The Sigmund Freud Museum is the place where Sigmund Freud, one of the pioneers of the theory of psychoanalysis, moved to Vienna and used it as both home and office until the Nazis raided it, where he conducted his therapies.
Who is Sigmund Freud? Sigmund Freud was a neurologist born in what is now the Czech Republic, formerly part of the Austrian Hungarian Empire. He recognized the connection between the unconscious elements of patients’ mental distress and tried to find a solution by keeping the external elements in the foreground in his psychotherapy methods. With this discovery, Freud went down in history as the founder of psychoanalysis.
Freud and his family, who were born to parents with an age difference of twenty years, had to settle in Vienna due to various financial difficulties. Freud, who was guided by Darwin, the author of the theory of evolution, wanted to become a research scientist. But he had a certain number reserved for Jews. He reluctantly studied medicine and after university he went to Paris for an internship. Moving to Berlin, Freud became interested in pediatric neuropathology, and with all this knowledge, he returned to Vienna, where he started to work as a private physician. He worked here for many years, but when the Nazis entered Vienna, he had to leave Austria and settle in London, where he continued his life. After Hitler came to power, we saw his attitude towards the Jews up close at the Anne Frank Museum in Amsterdam.
When you enter the museum, you are given an audio guide and you can learn everything with it. The guide is not in Turkish, but there is English content. When you enter the museum, you feel a bit more at home than a museum. Not completely, because for a while most of the things here had to be moved to Freud’s house in London, as we mentioned in his life. As a matter of principle, Freud did not leave any memoirs about himself, he burned them all before his death. In the museum, information about Freud’s life has been uncovered by the people around him and his correspondents.

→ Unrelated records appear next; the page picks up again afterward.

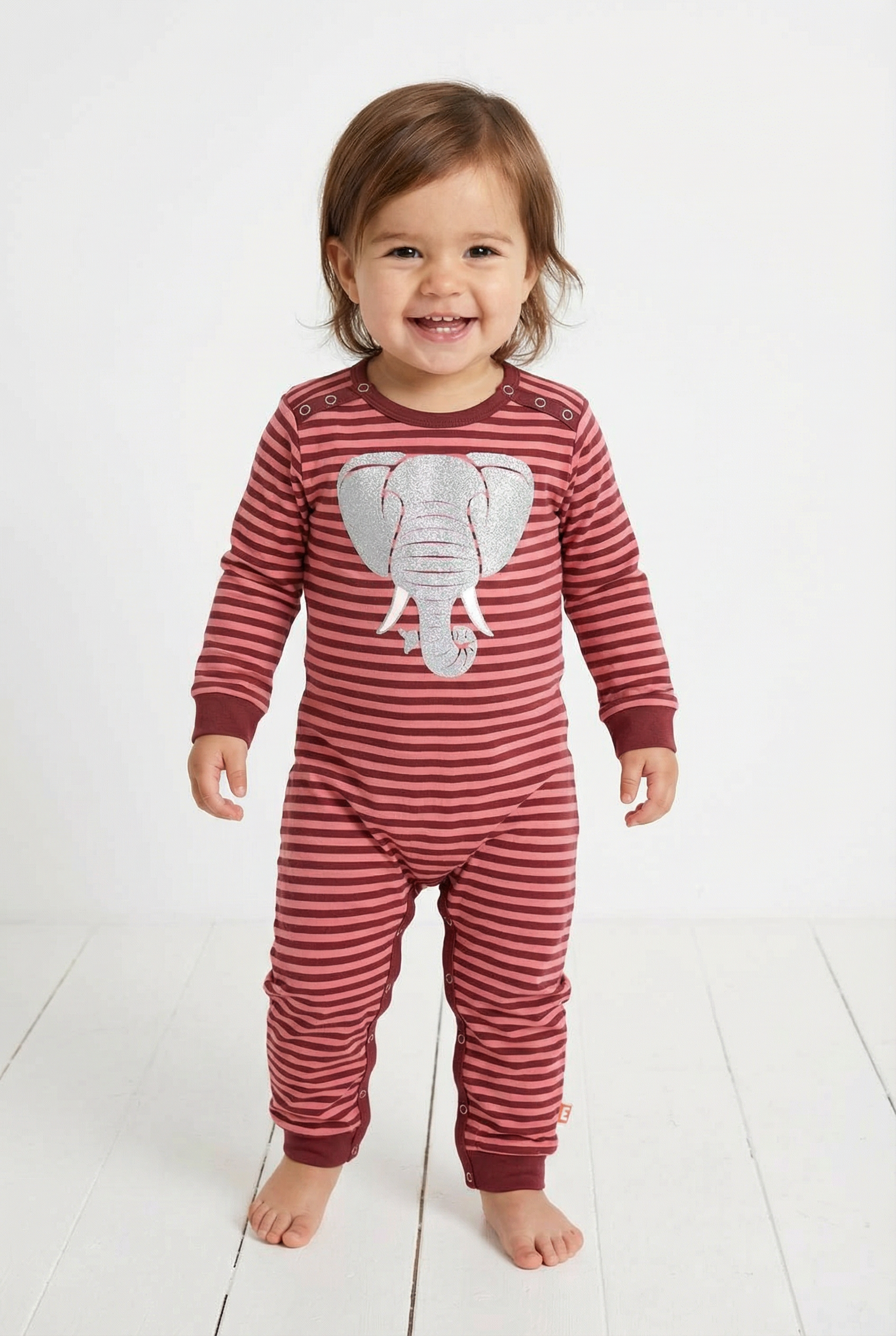 Dyrtweet Suit Red Wine/Old Rose ELEFANT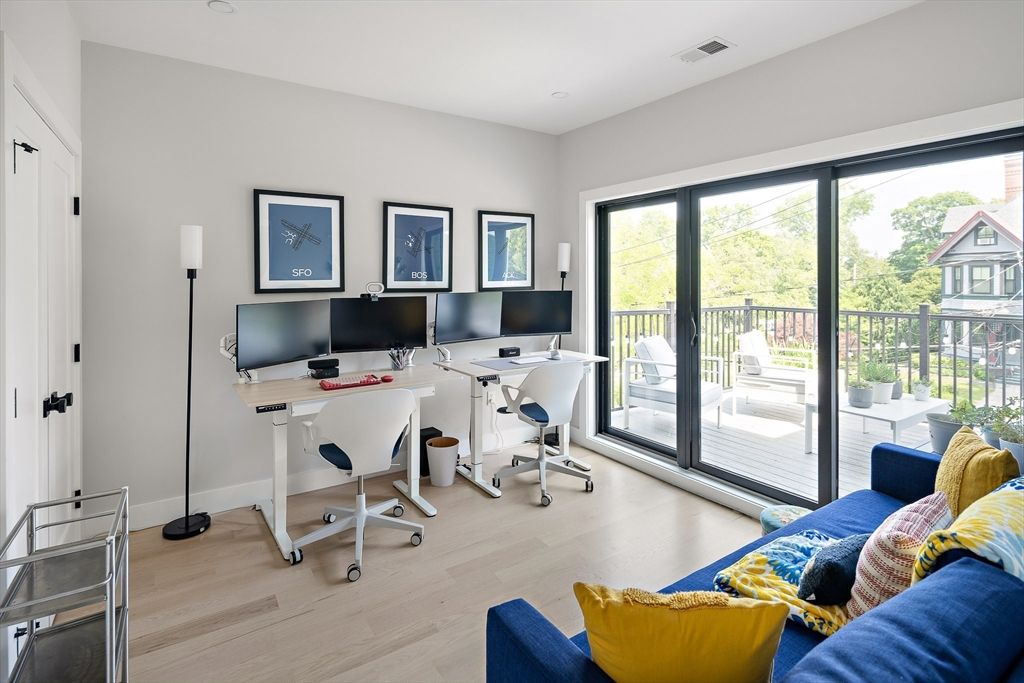 Home Office, Interior, Wood Texture Flooring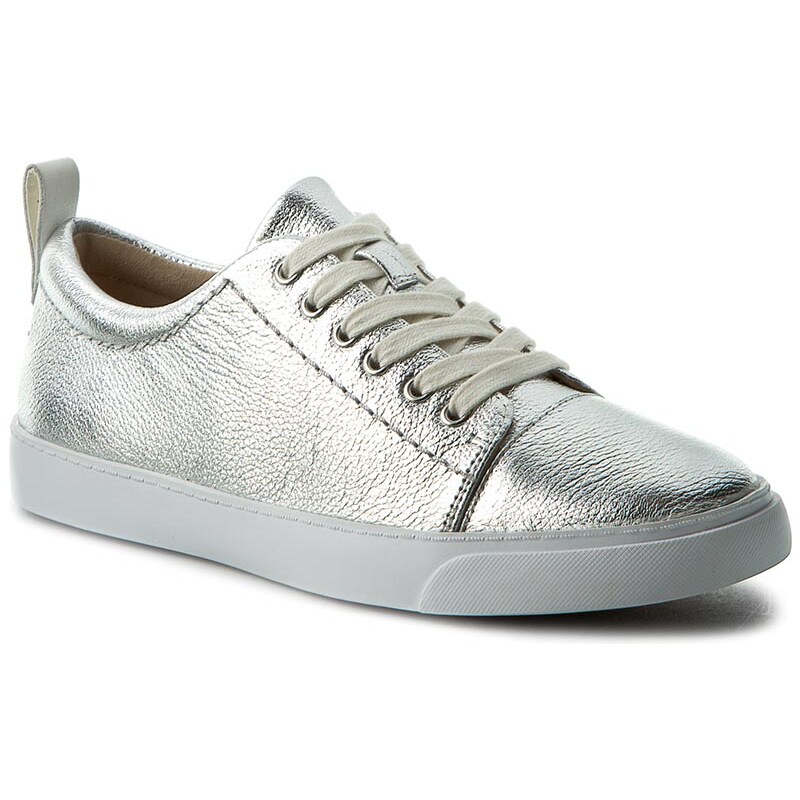 Sneakersy CLARKS - Glove Echo 261186414 Silver Leather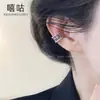 Xigu E0753 Plata S925 Estrella de Cuatro Puntas Circonita Clip para Oreja Clip para Hélice de Oreja Personalizado para Mujer Estilo Coreano de Gama Alta Estilo Ins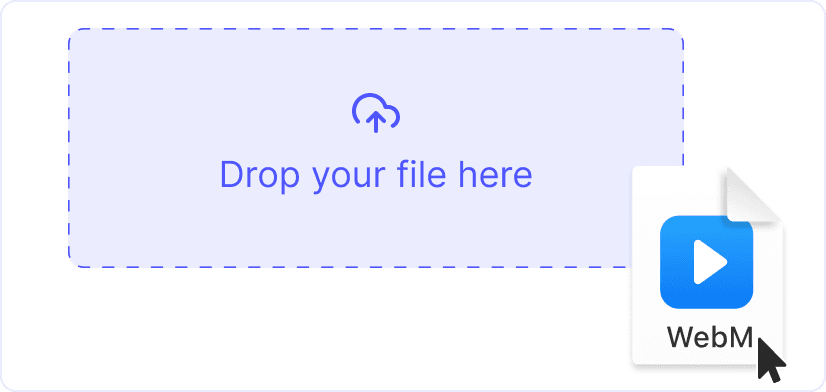 1. Upload your WebM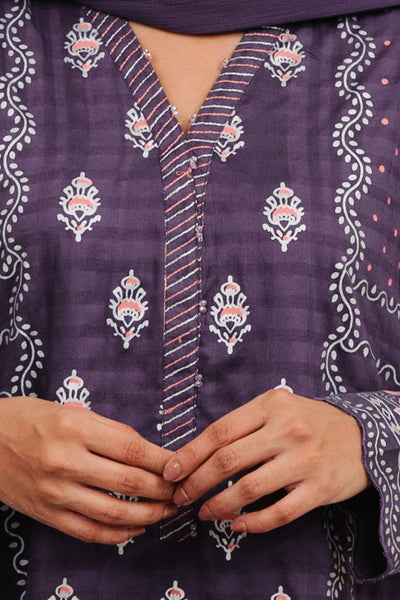 Zellbury | Summer Pret | Kurta Dupatta Trouser - 1102 -  Zellbury Women Signature Pret - Original Designer Dress - House of Maryam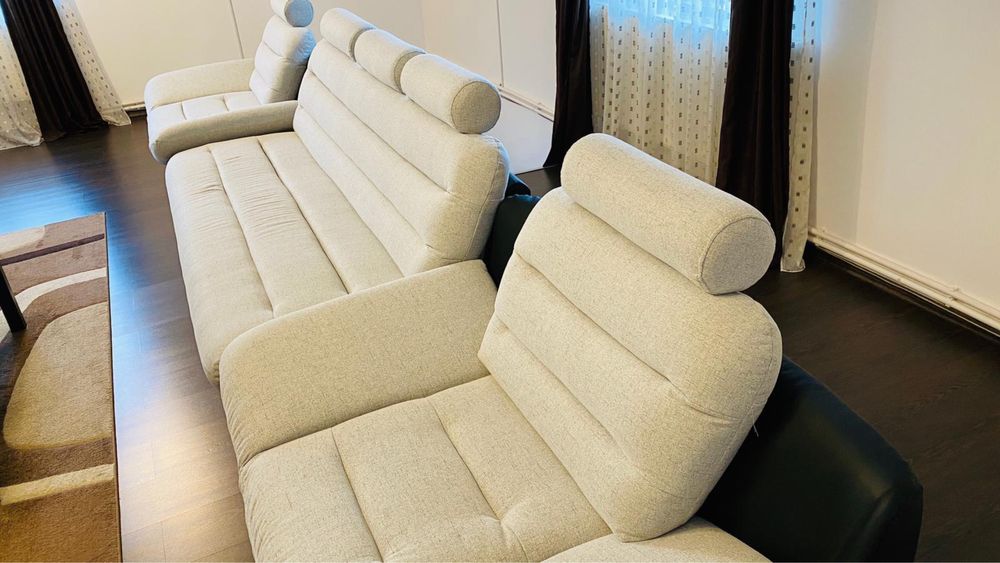 Vând set canapea + 2 fotolii – stare excelentă!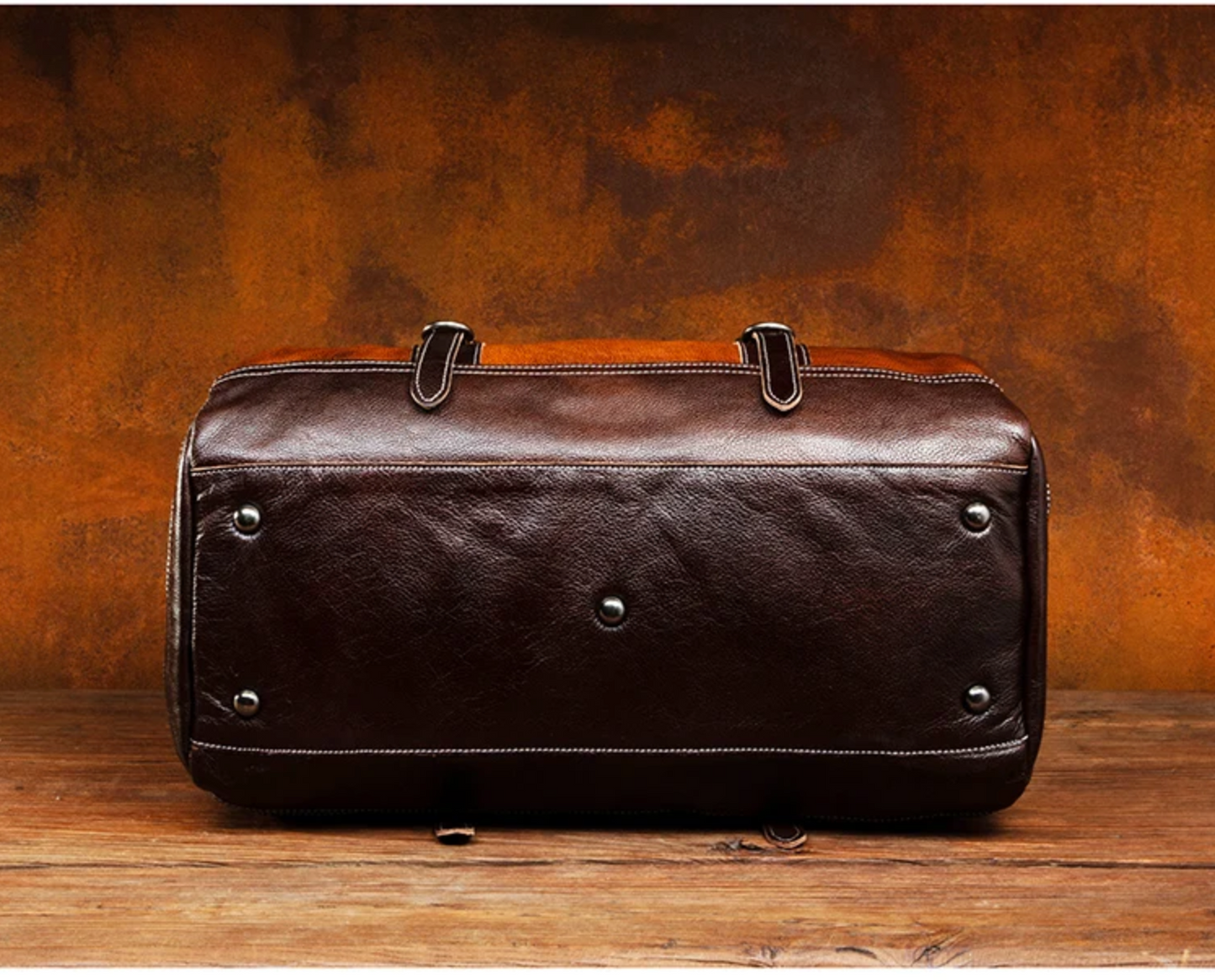 Handmade Brown Leather Travel Duffle, Gym & Overnight Bag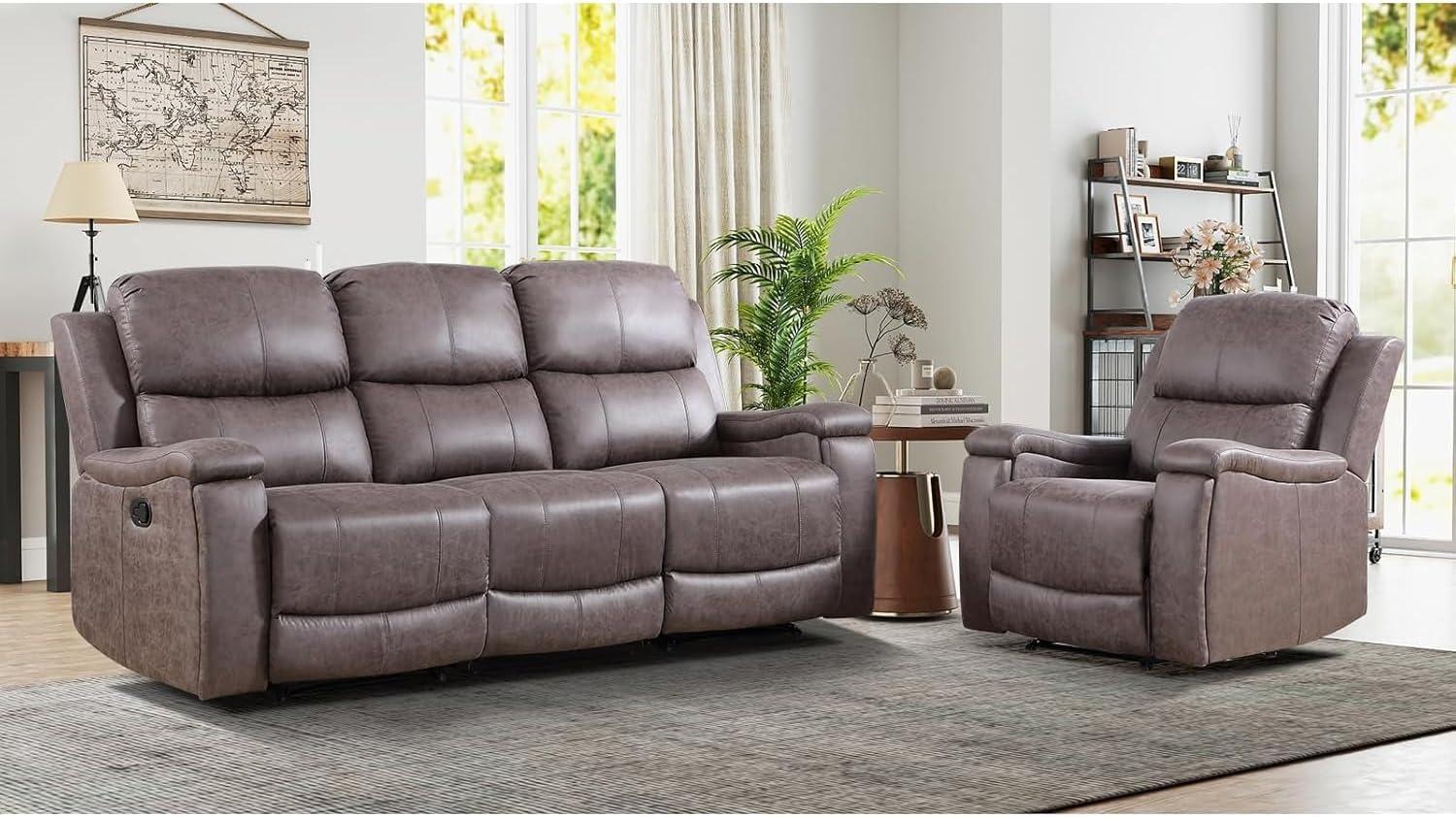 Relaxation Meets Style Exploring The Ebello Faux Leather Recliner Set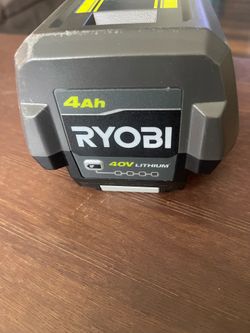 Ryobi 40 V battery 4AH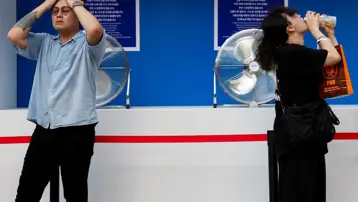 Güney Kore'de rekor sıcaklık. Termometreler 42,5 dereceyi gösterdi
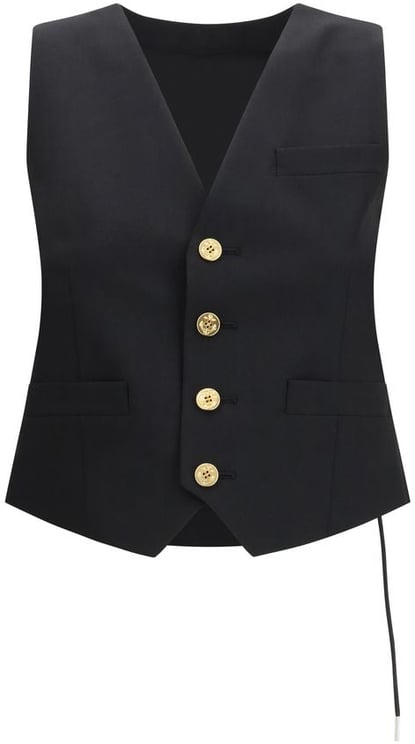Sacai Sacai Black Polyester Waistcoat
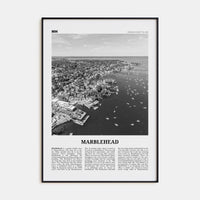 Marblehead Poster None / 8x12 in Nbourhood Travel B&W Poster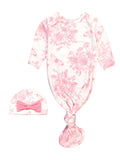 Pink Toile Mommy & Me Gown Set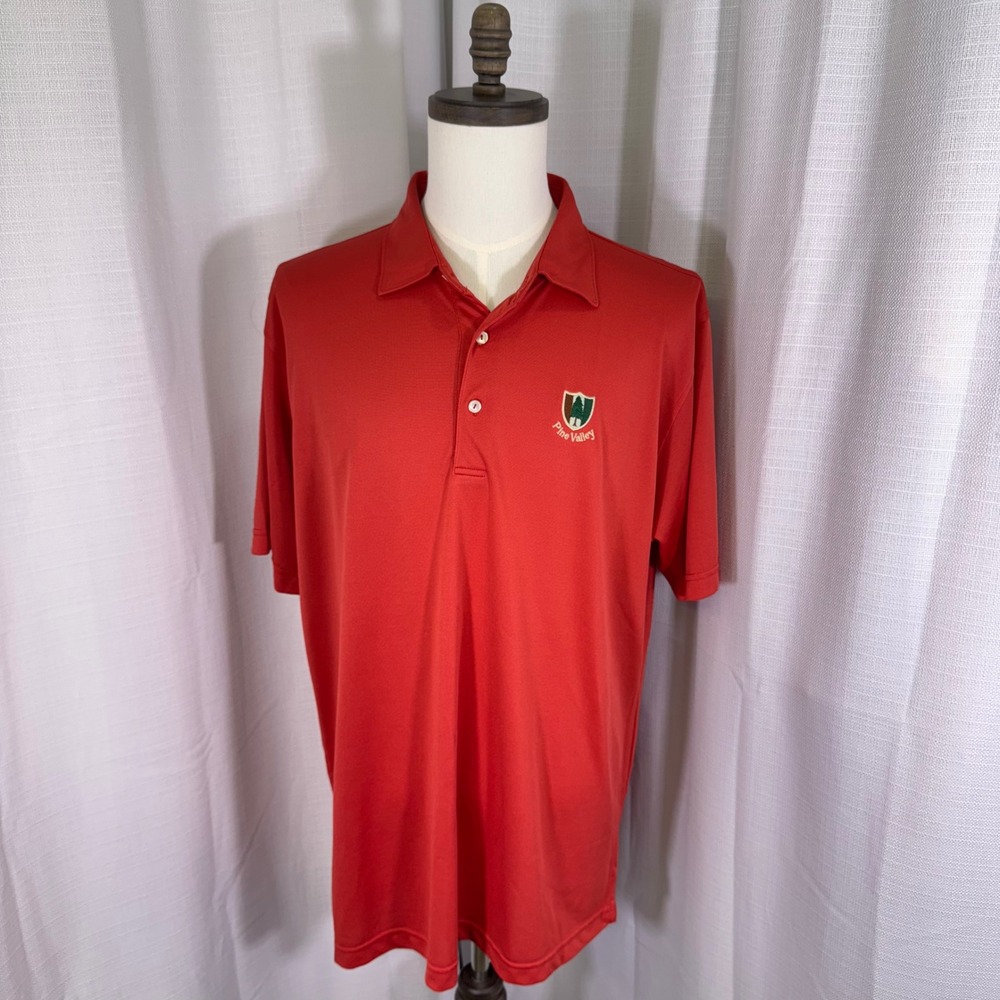 NWOT Peter Millar Pine Valley Golf Club Polo XL Red Summer Comfort Performance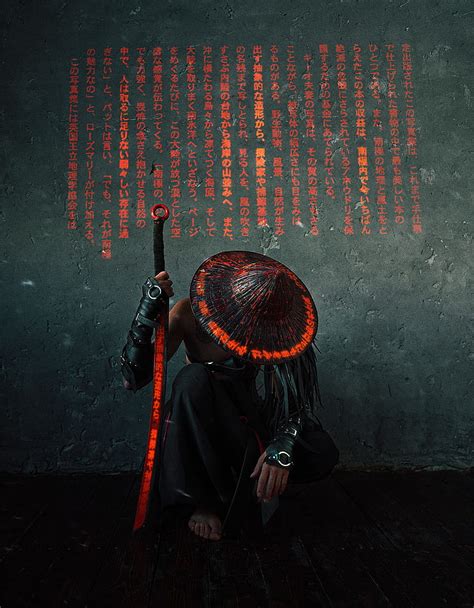 3840x2160px | free download | HD wallpaper: samurai, cyber, warrior ...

There are also various archaeological artifacts in the showcases, obviously Freud was inspired by ancient civilizations. So much so that we can call Freud, who was interested in the subconscious, an archaeologist of the mind. The splendor of Greece and Rome managed to impress Freud. The museum exhibits earthenware pots and small figures from the Egyptian period that Freud somehow found. In this place, which Freud used as his practice and office and where he lived with his family, you can see documents related to Freud’s books and research, photographs of his relatives, old photographs of Freud’s places of residence. His daughter Anna Freud’s work on child psychology is also on display. We had hoped to see Freud’s famous therapy couch, but it was taken with him when he moved to London and is now on display at the Sigmund Freud Museum in London, which is also the Anne Freud Museum.
In the center of the room where the photographs and documents are kept, you can also see a chest containing the belongings they took with them when they left Vienna after the Nazi invasion. There is a sign on the chest saying that it is going to London. The trunk was donated to the museum in the 1970s by Anna Freud, the daughter of Sigmund Freud and Martha Freud, who had a child under the couple.
What are the entrance fee and visiting hours of Sigmund Freud Museum?
The entrance fee to the museum is €12 for adults, and if you have a Vienna Pass Card, you can enter for free. The Freud Museum can be visited every day of the week between 10:00 – 18:00.
Where is the Sigmund Freud Museum and how to get there?
The Freud Museum is located on Berggasse. Bus 40A and trams 1, D and E4 pass close to the museum. You can also take the U2 subway and get off at Schottentor Satation, but you have to walk 550 meters. You enter the building with a big Freud sign on the street. When you enter the museum, as you climb the stairs, you can see a timeline of important moments in Freud’s life on the wall along the steps.